"One can discern, with the faculty Buddhists call wisdom, that all experience is shaped within a matrix of cause and effect. The “disagreeableness” that has arisen is merely a mental attitude of aversion, coagulating around a particular feeling of displeasure, which co-arises with the cognizing of a particular sensory object. The attitude is a product of one’s dispositions, which are themselves nothing more than patterns of learned responses that have built up during a lifetime (or more) of acting and reacting in the world.
Such a breakthrough in understanding allows for a dramatic and immediate liberation of the mind from the coercion of desire—both the desire to hold on to what is deemed agreeable and the desire to push away what is disagreeable. When one realizes that the arising feeling is one thing, while the attitude generated in response to it is something else entirely, the chain of compulsive causation is broken and a moment of freedom is born.

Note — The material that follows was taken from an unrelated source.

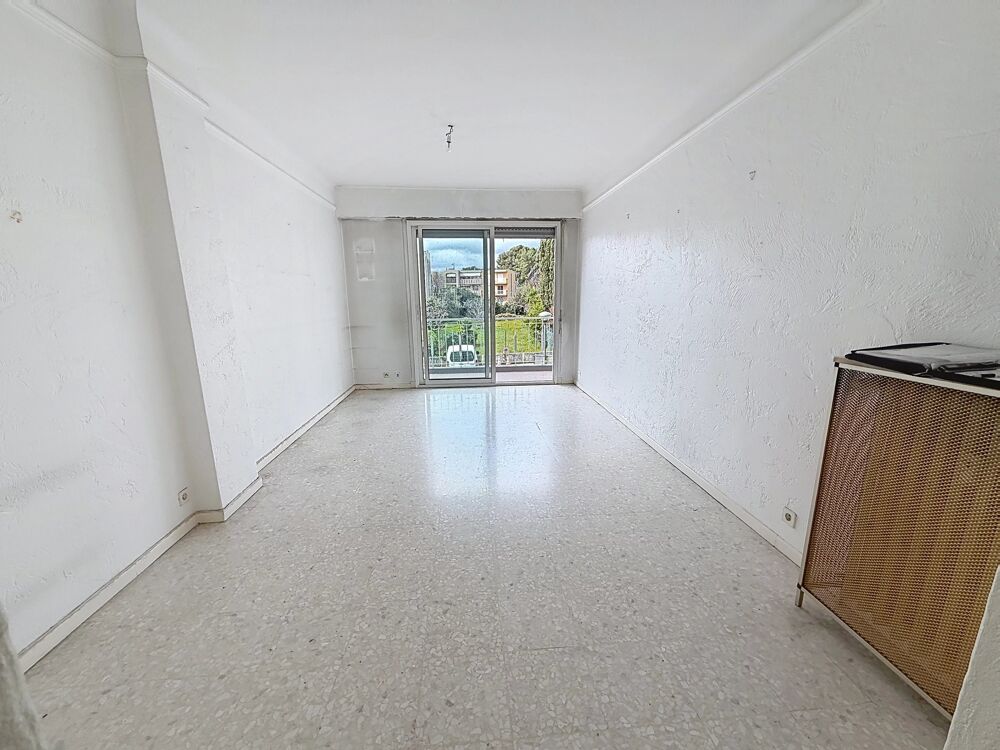 Vente Appartement Grand 2 Piéces les Colombiers de m² avec cave et Parking Extérie Le cannet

One can now choose to respond differently, and the agreeable/disagreeable attitude that forms the warp and woof of our suffering can be replaced by something capable of embracing both pleasure and pain without reaction. Serene, yet radically intimate with experience, we can, like the Buddha, abide in any moment with the hint of a smile on our lips."
In the blink of an eye - Tricycle: The Buddhist Review - Spring 2006
"Mindfulness practice offers the restraint necessary to overcome the tug of desire upon the senses. As we notice the mind wandering off to explore a gratifying train of thought, or as we notice the body’s urging to nudge ourselves into a more comfortable position, we gently abandon the impulse and return attention to the primary object of awareness. We do this again and again, until the mind becomes content with being fully present with what is manifesting here and now in the field of experience, rather than rushing off for some other form of stimulation. As the mind settles down it becomes considerably more powerful, and thus more empowered.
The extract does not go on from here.